OKC’s Westbrook defiant after another first-round exit
The All-Star point guard averaged a triple-double for the third straight season and nearly averaged one in the playoffs. But Portland bounced the Thunder in five games, and Westbrook’s poor shooting played a significant role in another first-round exit. He shot 36 percent from the floor during the series and made just 11 of 31 field goals in the deciding Game 5 loss.
Don’t expect the 30-year-old gunslinger to change his approach when teams back off, daring him to take a shot.
“There’s no process,” Westbrook said. “Shoot it.
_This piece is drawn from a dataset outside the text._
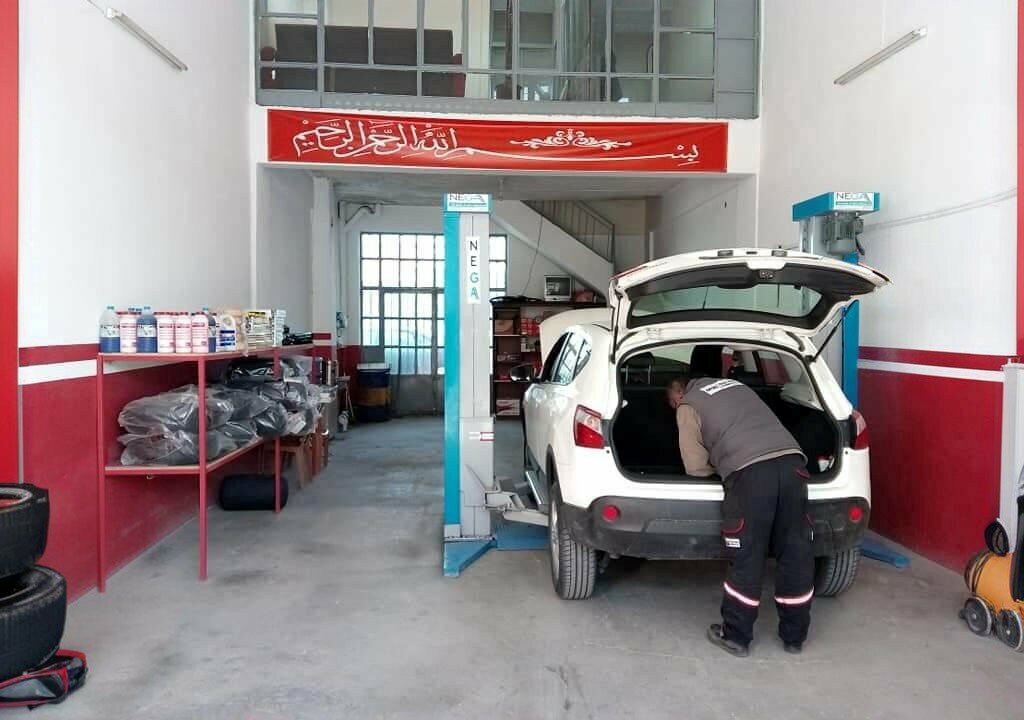 Installation of lpg Sanli Autogas, Konya, photo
That’s it.”
The emotional Westbrook has been at the center of the good — and the bad — this season for OKC.
He got into a verbal altercation with fans in Utah, led the league with 16 technical fouls and was suspended a game for them, engaged in trash talking with Portland’s Damian Lillard during the playoffs and responded during postgame news conferences with, “Next question.”
Westbrook’s actions have been magnified by the team’s disappointing early playoff exit and the fact that since Kevin Durant left for Golden State after the 2015-16 season, the Thunder have not won a playoff series.
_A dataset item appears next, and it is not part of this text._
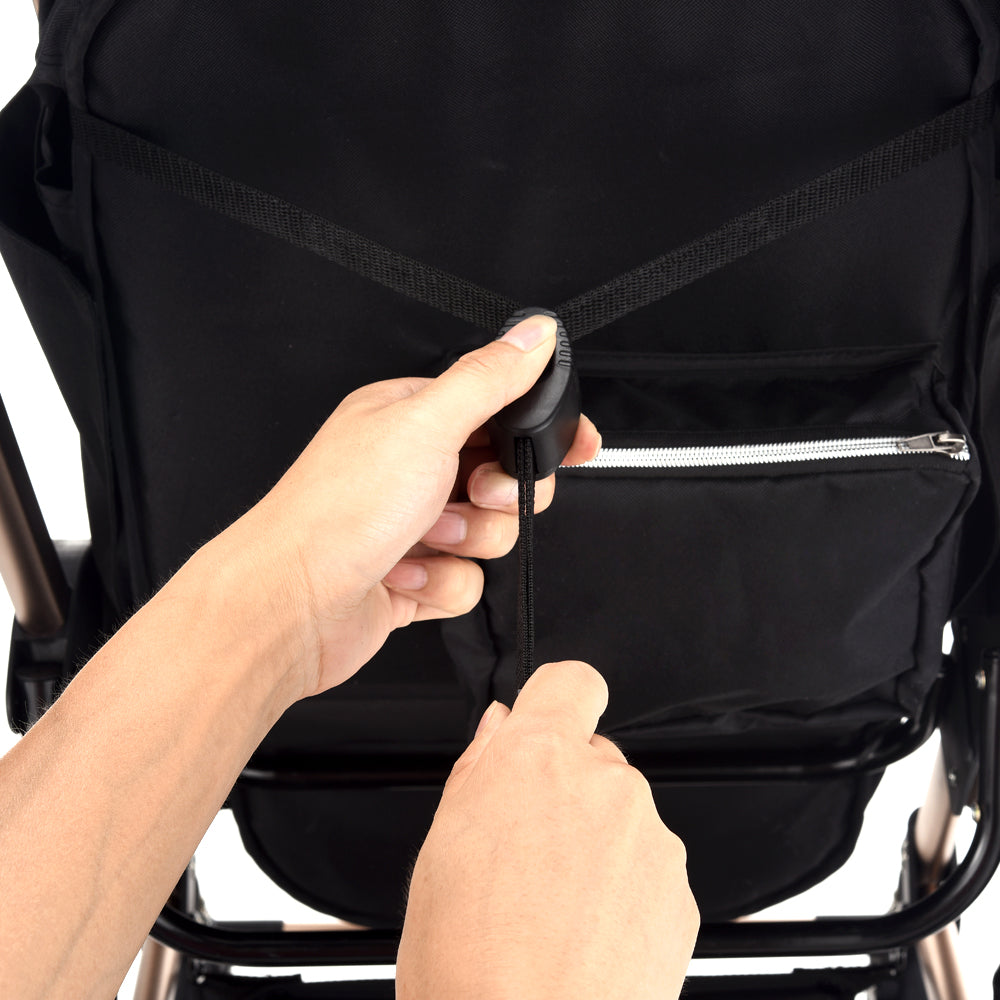 TEKNUM 3 in 1 Pram stroller - Khaki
It also has led to backlash within the league. Injured Portland center Jusuf Nurkic wore a T- shirt after Game 5 that read: “Got Bricks? Next Question.”
Westbrook clearly hears and sees it all, but said he does not care about it.
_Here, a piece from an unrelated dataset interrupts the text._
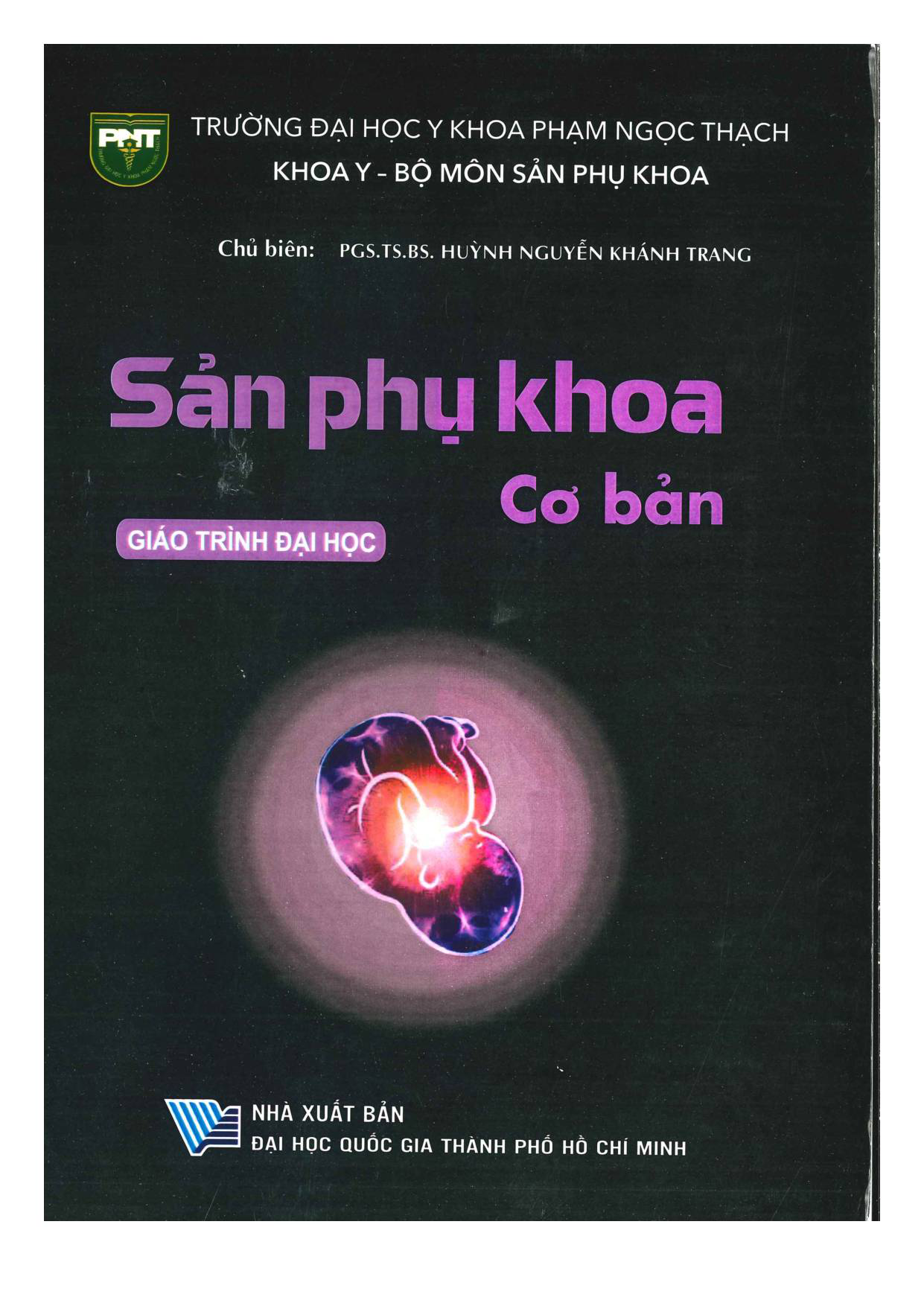 Giáo trình Sản phụ khoa cơ bản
“When you do so much at a high level, a lot of haters come,” he said. “That’s how life is, man. That’s life, man. When you do so much, people going to try to pull and take away and try to take that away from you. But nobody can take away from me.”
Thunder forward Paul George said there’s more to Westbrook than the fans see. It was Westbrook who convinced George to stay when he could have left in free agency last summer. And Westbrook helped George finish second in the league with 28 points per game.
“Anything he does is just amplified, and you know, if anybody knows Russ on a personal level, you know that he’s as real as it gets,” George said. “He’s 100 percent. He’s as pure as a person that you can find. If you’re watching him from afar, you might mistake that for him being a certain type of way.”
George acknowledged that Westbrook makes things difficult for himself at times.
“I mean, it’s a tough position to be in because I know being around him … I know where it’s coming from,” George said. “It just doesn’t come off the right way. But I know where it’s coming from.”
But something needs to change for OKC to get past the recent early postseason exits. One area of concern is 3-point shooting, as the Thunder struggled from behind the arc.
Westbrook is especially sensitive to criticism of his 3-point shooting. He led the league averaging 10.7 assists per game, with 22.9 points and a career-high 11.1 rebounds per contest. He finished this season with 34 triple-doubles and now is tied for second all-time with Magic Johnson with 138 in his career.
“I know what I’m able to do and know what I’m able to do at a high level every night, and nobody else can do what I can do on a night in, night out basis, and I truly believe that,” he said. “If they could, I’m pretty sure they would. But I know for a fact that nobody can.”
Oklahoma City shot 35.9 percent on threes when others took them — above the league average of 35.5 percent. Westbrook brought the team’s average down to 34.8 percent.
Westbrook mentioned perhaps trying to take better shots next season, but sees the criticism of his overall game as unjustified.
“I’ve been blessed, and I stay prayerful, stay thankful to be able to do what I’m able to do,” he said, “and nobody can ever take that away from me. Regardless of what it is, how many stories are written, how many stats are put up, how many numbers are put up. Doesn’t matter.”
What does matter is three first-round postseason exits.